- **The problem**: Only a verbatim restatement of the lines from the one with "War and the" through the end of the listing below is wanted. Pictures should be left out.

- **Dataset content**:
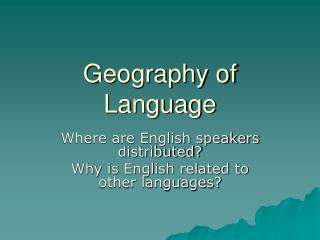 Geography of Language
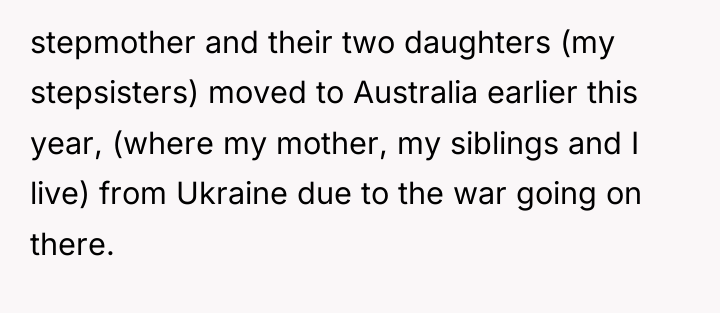 stepmother and their two daughters (my stepsisters) moved to Australia...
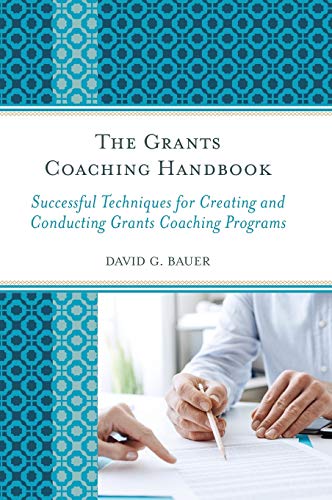 The Grants Coaching Handbook: Successful Techniques for Creating and Conducting Grants Coaching Programs
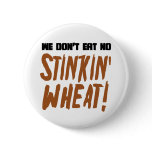We Don't Eat No Stinkin' Wheat Celiac Gluten Free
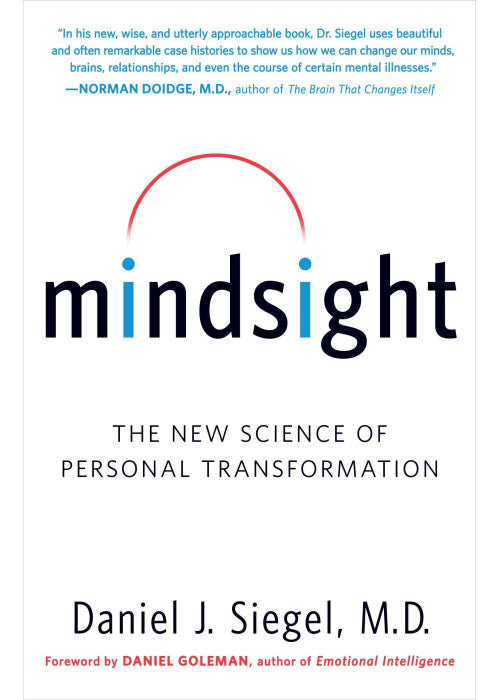 Mindsight: The New Science of Personal Transformation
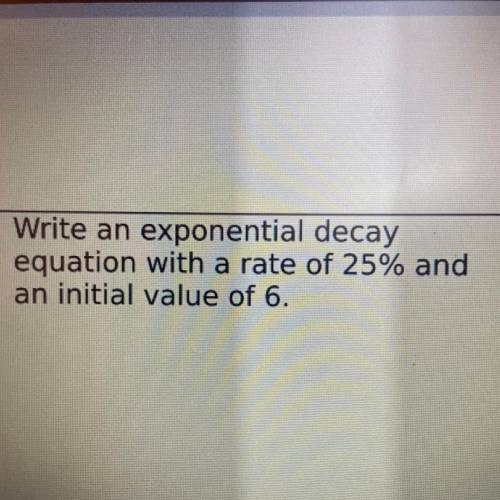 Write an exponential decay
equation with a rate of 25% and
an initial value of 6.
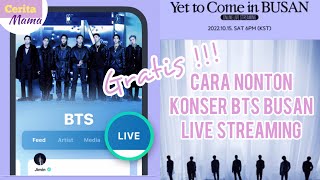 Download lagu Cara nonton konser BTS Busan gratis via Live Streaming di Weverse - Cerita Mama #myBTStory mp3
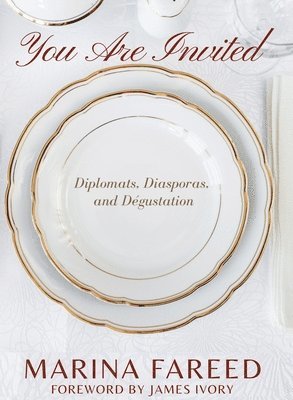 Marina Fareed - You Are Invited - Diplomats, Diasporas, and Dégustation, Inbunden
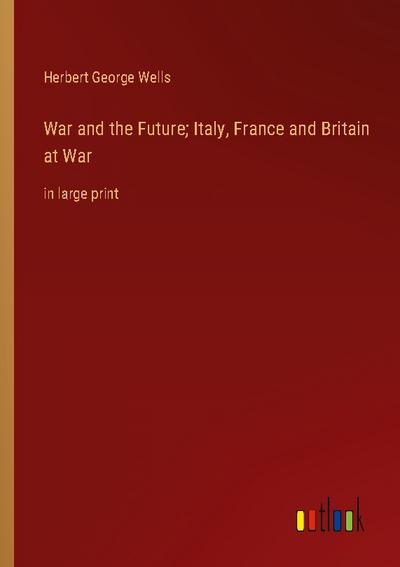 War and the Future; Italy, France and Britain at War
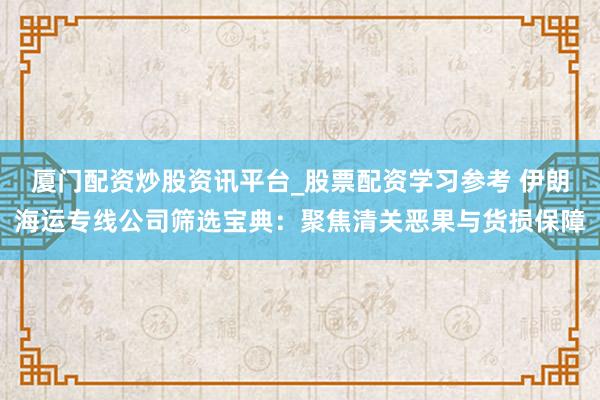 厦门配资炒股资讯平台_股票配资学习参考 伊朗海运专线公司筛选宝典：聚焦清关恶果与货损保障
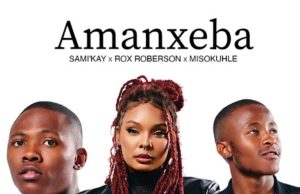 Sami Kay Ft Rox Roberson & Misokuhle – Amanxeba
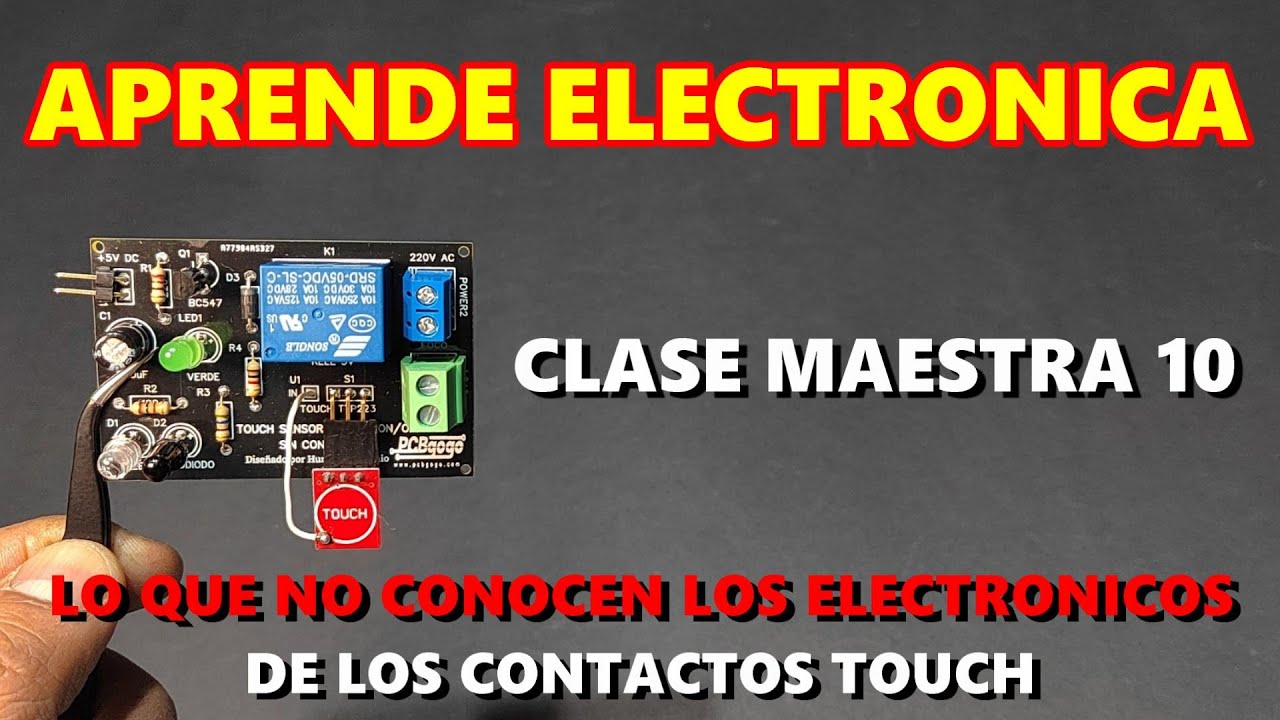 ✅ CLASE MAESTRA 10 / APRENDE ELECTRONICA, LO QUE NO CONOCEN LOS ELECTRONICOS DE LOS CONTACTOS TOUCH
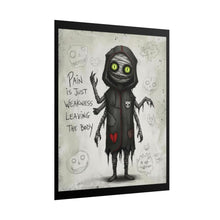 Load image into Gallery viewer, Creepy Cute Horror Poster – “Pain Is Just Weakness Leaving The Body” Rolled Art Print

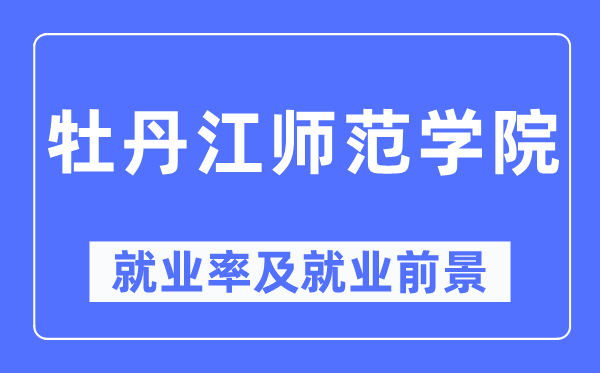 牡丹江师范学院就业率及就业前景怎么样,好就业吗?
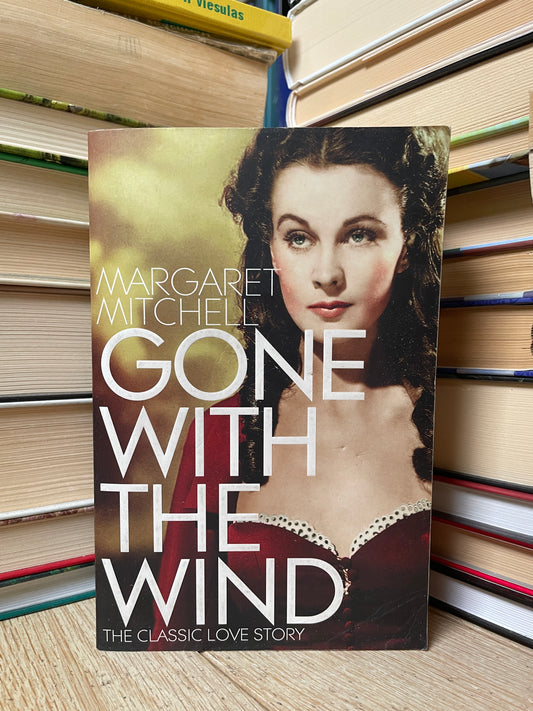 Margaret Mitchell - Gone With the Wind
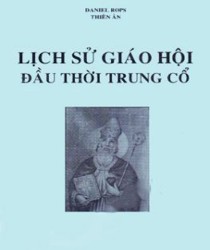 LỊCH SỬ GIÁO HỘI ĐẦU THỜI TRUNG CỔ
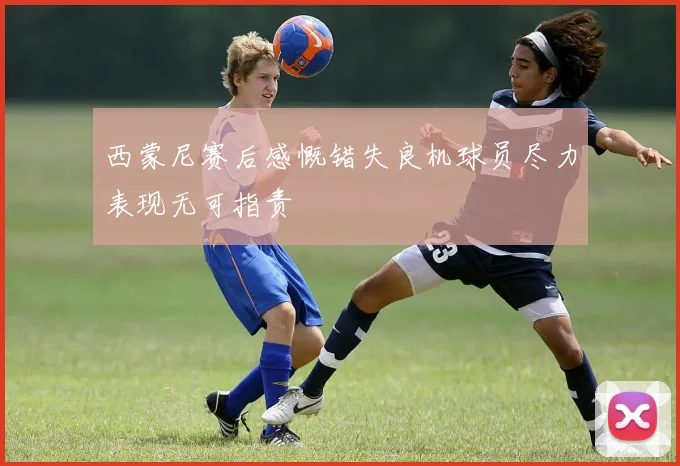 西蒙尼赛后感慨错失良机球员尽力表现无可指责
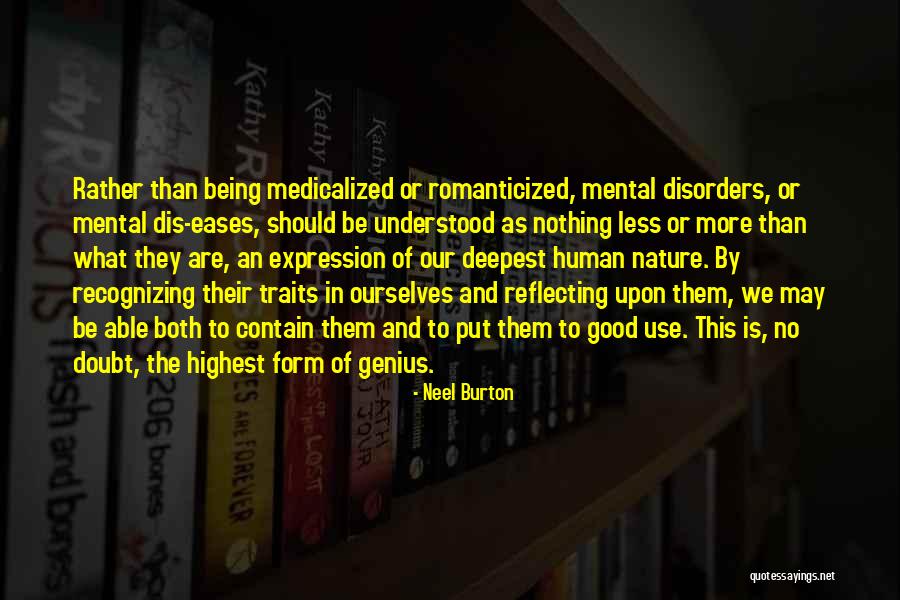 Creativity And Mental Health Quotes By Neel Burton Creativity And Mental Health Quotes By Neel Burton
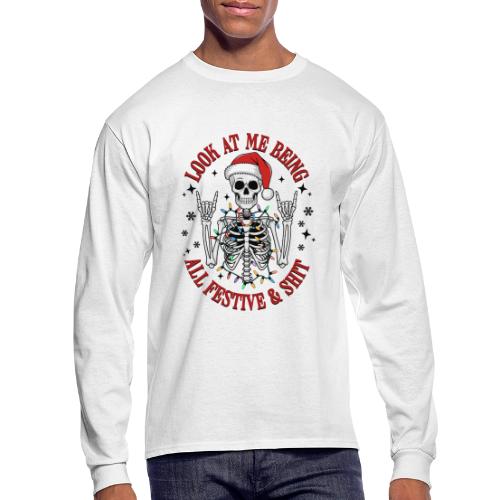 Christmas - Look At Me Being All Festive And Shit - Men's Long Sleeve T-Shirt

- **Exercise response**:
 War and the Future; Italy, France and Britain at War
 厦门配资炒股资讯平台_股票配资学习参考 伊朗海运专线公司筛选宝典：聚焦清关恶果与货损保障
 Sami Kay Ft Rox Roberson & Misokuhle – Amanxeba
 ✅ CLASE MAESTRA 10 / APRENDE ELECTRONICA, LO QUE NO CONOCEN LOS ELECTRONICOS DE LOS CONTACTOS TOUCH
 Load image into Gallery viewer, Creepy Cute Horror Poster – “Pain Is Just Weakness Leaving The Body” Rolled Art Print

 牡丹江师范学院就业率及就业前景怎么样,好就业吗?
 Margaret Mitchell - Gone With the Wind
 LỊCH SỬ GIÁO HỘI ĐẦU THỜI TRUNG CỔ
 西蒙尼赛后感慨错失良机球员尽力表现无可指责
 Creativity And Mental Health Quotes By Neel Burton Creativity And Mental Health Quotes By Neel Burton
 Christmas - Look At Me Being All Festive And Shit - Men's Long Sleeve T-Shirt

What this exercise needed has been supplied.